Build Strategies
Mate comes with three different build strategies built-in, this guide tries to explain them in brief.
For all strategies it is important to note that releases are not made to be cross platform or architecture e.g. Building on arm and running om amd64 is not possible, just like building on MacOS and deploying to a Debian server won't work.
Using the SSH strategy and a build server that is as closely similar to your deployment servers as possible is the recommended route. But there are plenty of valid reasons to want to use one of the other strategies. It is also possible to create your own strategy entirely by creating a custom driver.
SSH (default)
The default strategy is to build your application on a remote server via an SSH connection. First it will push the current commit to the build server via SSH, then it will connect to the SSH server once and keep the connection open to send commands and eventually download the release tarball, if everything went according to plan.

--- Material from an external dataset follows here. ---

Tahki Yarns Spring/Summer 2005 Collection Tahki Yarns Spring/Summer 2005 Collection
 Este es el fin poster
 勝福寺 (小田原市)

This is probably the most common usecase, where you use a build server to prepare the release before you start deploying it to your actual server(s).
Docker
The Docker strategy can be used to build your application inside of a Docker container, it works mostly the same as SSH except it will use the Docker command line client start a new container, mounted to the project directory to then copy the latest commit and create the build in there until finally the release tarball is copied to your local disk.
An important distinction here is that the resulting file is not a Docker image, if this is what you want it is recommended to use a Dockerfile
.
Local
The Local strategy can be used to run all the build steps on your local machine. There isn't really much added benefit to this over running the commands yourself directly, besides ensuring it is run on a clean copy of the latest commit and you just type one command instead of multiple.
It is only useful if you will deploy your application on a similar platform/architecture as your local machine.
Custom
You can create your own strategy as well by creating a custom driver.